- _EXERCISE GOAL_
Find the line that holds "Calculator, notebook and" in the material below. Output that line and each one after it exactly, but not the pictures.

___ DATASET SECTION

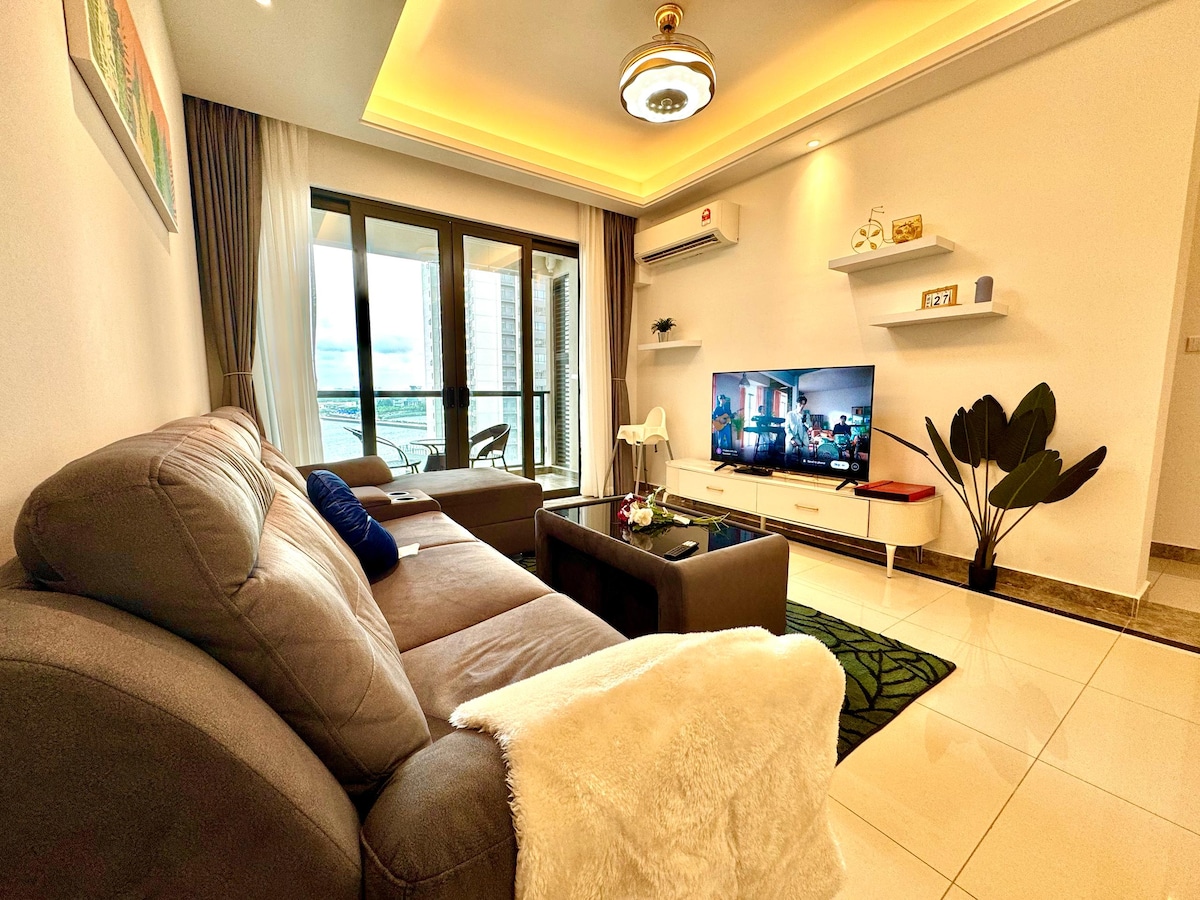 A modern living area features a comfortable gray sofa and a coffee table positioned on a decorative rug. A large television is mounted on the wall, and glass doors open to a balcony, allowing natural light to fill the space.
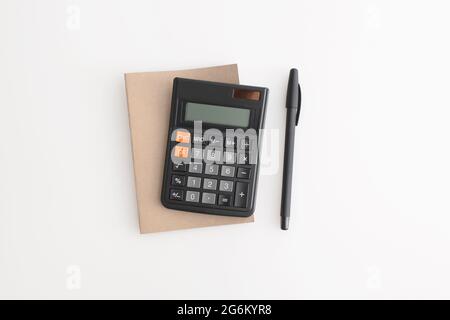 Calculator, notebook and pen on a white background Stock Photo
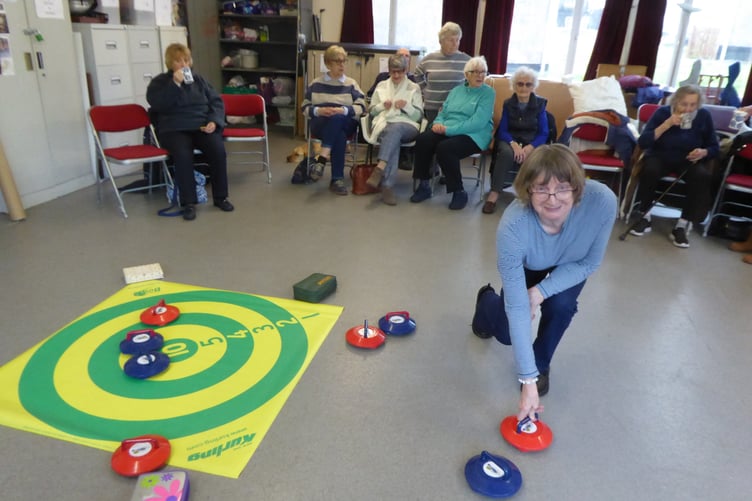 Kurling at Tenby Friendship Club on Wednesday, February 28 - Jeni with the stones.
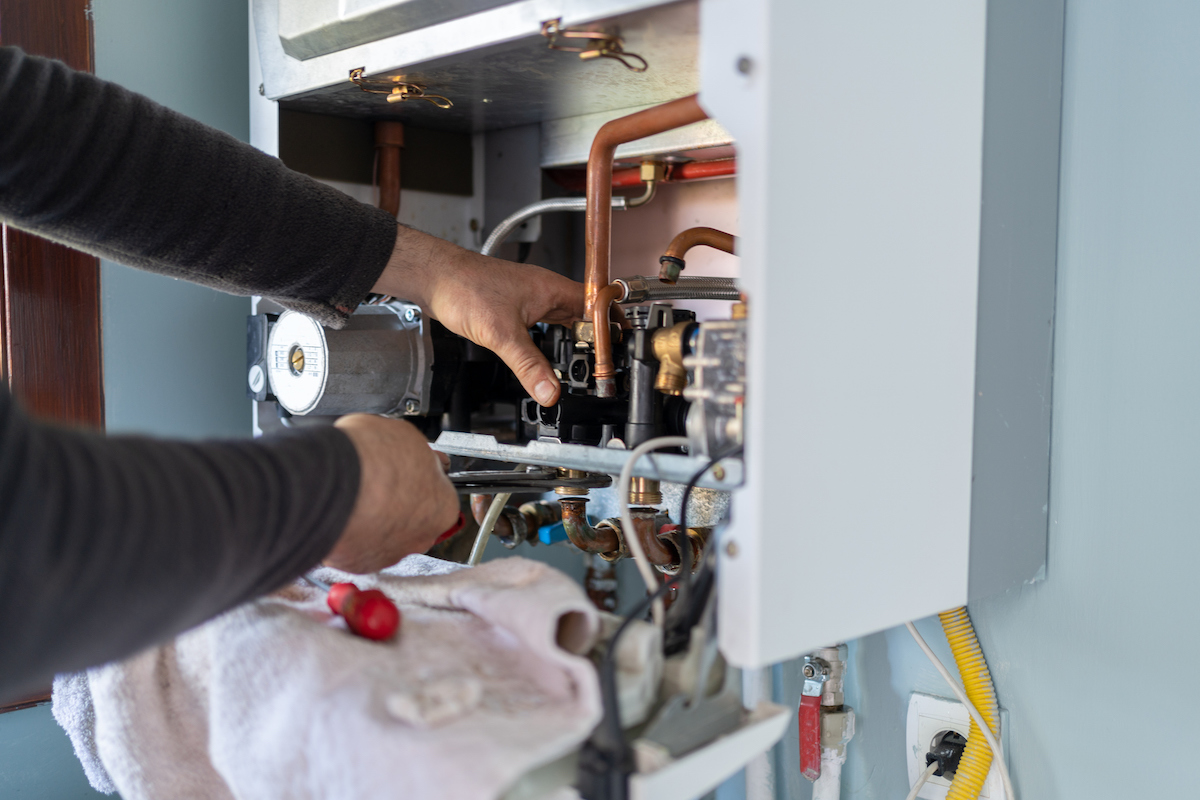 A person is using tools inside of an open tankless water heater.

______

- _FINAL ANSWER_
 Calculator, notebook and pen on a white background Stock Photo
 Kurling at Tenby Friendship Club on Wednesday, February 28 - Jeni with the stones.
 A person is using tools inside of an open tankless water heater.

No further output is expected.